Политический формат русско-осетинских отношений был беспрецедентно высоким. Уровень губернатора или командующего крупным воинским соединением считался вполне достаточным, чтобы вести переговоры с отдельными феодальными владениями и принимать присяги о российском подданстве. Посольство, принятое на высшем уровне – самой императрицей Елизаветой Петровной, и русско-осетинские переговоры в Петербурге – самое надежное свидетельство того, что Осетия воспринималась на Кавказе и в России как единая страна с особым геополитическим статусом.
Присоединение Осетии к России состоялось в 1774 г., после победоносной войны и заключения Россией нового, Кючук-Кайнарджийского мирного договора с Турцией. Статья 21 этого договора посвящена статусу Кабарды, полномочия в установлении которого Турция передавала Крымскому ханству. Существование Крымского договора, заключенного между Россией и ханством в 1772 г., придавало этой дипломатической формуле значение окончательного признания российского суверенитета над Кабардой. Тем самым было снято единственное препятствие для международно-правового оформления присоединения Осетии к России.
К тому времени договоренности о союзе и покровительстве, как и отложенный ответ России на осетинское предложение о присоединении, существовали уже четверть века. На протяжении этого времени и представители Осетии, и российские чиновники неоднократно подтверждали верность своим обязательствам. Например, в 1758 г. к императрице Елизавете Петровне обратились с челобитной трое осетинских старшин. Напомнив о посольстве и русско-осетинских переговорах 1749-1752 гг., они просили возобновить отмененные на время таможенные льготы. Податели этой просьбы были уполномочены действовать от имени всей Осетии – «чего для мы, нижайшие троя старшины, с согласия протчих тамошних наших народов из Осетии поехали сюда в Кизляр». Показательно, что одним из трех представителей Осетии выступает Осиф Абаев, известный и по другим документам, – он происходил из селения Сба, расположенного на территории нынешней Республики Южная Осетия.
В октябре 1774 г., выполняя специальное поручение правительства, ведавший сношениями с Кавказом астраханский губернатор П. Н. Кречетников пригласил в крепость Моздок представителей Осетии для официального подтверждения их готовности вступить в российское подданство.
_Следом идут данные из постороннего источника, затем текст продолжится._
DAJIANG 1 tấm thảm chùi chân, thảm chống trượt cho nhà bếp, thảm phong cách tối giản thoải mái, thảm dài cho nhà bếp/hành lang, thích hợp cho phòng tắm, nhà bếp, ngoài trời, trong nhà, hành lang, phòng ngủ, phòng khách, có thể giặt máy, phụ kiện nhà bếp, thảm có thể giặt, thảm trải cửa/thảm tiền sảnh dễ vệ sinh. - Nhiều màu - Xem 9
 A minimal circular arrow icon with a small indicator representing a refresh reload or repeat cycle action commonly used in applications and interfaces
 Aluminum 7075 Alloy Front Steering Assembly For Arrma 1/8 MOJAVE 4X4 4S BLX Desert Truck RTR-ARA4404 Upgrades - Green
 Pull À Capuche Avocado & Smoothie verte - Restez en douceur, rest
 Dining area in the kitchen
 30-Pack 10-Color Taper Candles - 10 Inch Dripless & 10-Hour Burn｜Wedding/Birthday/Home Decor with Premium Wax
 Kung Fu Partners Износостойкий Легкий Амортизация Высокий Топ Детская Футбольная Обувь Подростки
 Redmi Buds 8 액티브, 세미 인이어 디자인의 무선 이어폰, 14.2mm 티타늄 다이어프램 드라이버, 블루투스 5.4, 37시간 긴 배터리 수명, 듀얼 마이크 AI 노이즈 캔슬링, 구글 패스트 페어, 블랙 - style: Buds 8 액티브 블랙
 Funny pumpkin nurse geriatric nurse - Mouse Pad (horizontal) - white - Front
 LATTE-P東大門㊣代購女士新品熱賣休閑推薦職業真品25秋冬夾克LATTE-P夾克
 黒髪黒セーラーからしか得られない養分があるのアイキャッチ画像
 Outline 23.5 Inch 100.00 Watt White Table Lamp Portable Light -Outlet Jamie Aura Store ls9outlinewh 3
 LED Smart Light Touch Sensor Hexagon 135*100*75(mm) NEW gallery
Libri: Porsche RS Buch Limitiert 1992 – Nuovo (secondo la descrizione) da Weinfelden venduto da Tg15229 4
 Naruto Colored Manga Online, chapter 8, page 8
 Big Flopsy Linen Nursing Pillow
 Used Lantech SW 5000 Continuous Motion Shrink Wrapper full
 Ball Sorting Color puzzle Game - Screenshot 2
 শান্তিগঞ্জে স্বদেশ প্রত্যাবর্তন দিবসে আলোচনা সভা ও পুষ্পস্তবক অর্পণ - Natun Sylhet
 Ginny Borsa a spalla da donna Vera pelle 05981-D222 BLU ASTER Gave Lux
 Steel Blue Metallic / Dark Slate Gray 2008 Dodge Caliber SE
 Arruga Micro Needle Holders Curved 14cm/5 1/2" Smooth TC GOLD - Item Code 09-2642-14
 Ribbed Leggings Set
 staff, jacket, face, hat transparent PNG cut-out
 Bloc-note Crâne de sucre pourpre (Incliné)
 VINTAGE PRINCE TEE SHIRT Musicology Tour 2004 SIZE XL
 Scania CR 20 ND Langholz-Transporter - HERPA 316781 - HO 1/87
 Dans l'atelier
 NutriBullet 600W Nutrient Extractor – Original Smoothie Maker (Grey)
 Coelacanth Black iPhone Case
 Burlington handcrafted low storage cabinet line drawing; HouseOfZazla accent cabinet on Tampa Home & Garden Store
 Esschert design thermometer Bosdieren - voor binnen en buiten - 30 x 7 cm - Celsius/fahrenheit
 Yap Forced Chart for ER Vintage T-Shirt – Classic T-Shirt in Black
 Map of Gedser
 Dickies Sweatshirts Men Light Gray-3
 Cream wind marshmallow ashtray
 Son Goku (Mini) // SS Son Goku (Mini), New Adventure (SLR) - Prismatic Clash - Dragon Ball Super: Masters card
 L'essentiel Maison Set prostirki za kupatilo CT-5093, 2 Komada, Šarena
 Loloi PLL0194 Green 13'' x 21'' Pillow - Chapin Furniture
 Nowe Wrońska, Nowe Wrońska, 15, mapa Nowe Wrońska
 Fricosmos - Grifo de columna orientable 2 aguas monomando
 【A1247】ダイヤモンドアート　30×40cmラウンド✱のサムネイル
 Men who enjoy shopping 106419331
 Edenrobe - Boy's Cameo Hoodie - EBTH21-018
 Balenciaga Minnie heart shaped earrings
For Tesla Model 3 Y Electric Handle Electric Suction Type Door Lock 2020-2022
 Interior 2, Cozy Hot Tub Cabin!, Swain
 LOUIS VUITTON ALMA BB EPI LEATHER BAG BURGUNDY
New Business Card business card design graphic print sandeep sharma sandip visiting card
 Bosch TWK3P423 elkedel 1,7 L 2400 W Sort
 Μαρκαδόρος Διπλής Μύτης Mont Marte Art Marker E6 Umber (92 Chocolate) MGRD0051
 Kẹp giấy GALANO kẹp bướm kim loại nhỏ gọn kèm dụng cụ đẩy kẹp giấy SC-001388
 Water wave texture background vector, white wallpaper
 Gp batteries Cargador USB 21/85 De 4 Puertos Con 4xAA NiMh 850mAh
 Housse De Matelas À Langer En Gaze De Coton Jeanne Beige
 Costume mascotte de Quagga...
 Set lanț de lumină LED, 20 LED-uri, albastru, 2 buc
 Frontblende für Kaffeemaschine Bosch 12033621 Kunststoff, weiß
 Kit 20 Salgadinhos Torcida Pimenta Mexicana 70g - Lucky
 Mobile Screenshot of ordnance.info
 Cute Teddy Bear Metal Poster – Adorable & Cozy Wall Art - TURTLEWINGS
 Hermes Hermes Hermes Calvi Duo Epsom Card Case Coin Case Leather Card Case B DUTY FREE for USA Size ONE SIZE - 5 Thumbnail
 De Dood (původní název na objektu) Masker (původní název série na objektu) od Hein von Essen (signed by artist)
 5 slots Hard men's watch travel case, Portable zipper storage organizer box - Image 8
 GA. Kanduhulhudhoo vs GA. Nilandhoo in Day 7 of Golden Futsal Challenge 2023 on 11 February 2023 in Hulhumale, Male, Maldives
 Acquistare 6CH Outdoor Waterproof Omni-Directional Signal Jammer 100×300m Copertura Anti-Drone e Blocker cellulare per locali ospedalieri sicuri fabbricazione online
Документ, легализовавший прежние договоренности о присоединении Осетии к Российской империи, был подписан 27 октября 1774 г. Так достигнутые в середине XVIII в. русско-осетинские договоренности получили международно-правовое оформление, и Осетия вошла в состав Российской империи.
Цена имперского выбора – отдельная тема. Политическая история России преподнесла осетинам немало неожиданностей. Избавившись в XVIII в. от внешней грузинской опасности, Осетия в XIX, а затем и в XX веке вновь столкнулась с угрозой культурной ассимиляции, социального порабощения и геноцида. Хочется верить, что август 2008 г. – война и признание – горе и радость – обобщающий и безвозвратный символ минувшего.
Осетия и Россия вновь на пороге надежды. Мы прожили вместе 260 лет. Нужно строить общее будущее, и у него есть фундамент. Перипетии совместной истории лишь подтвердили неизменность и надежность русско-аланского союза.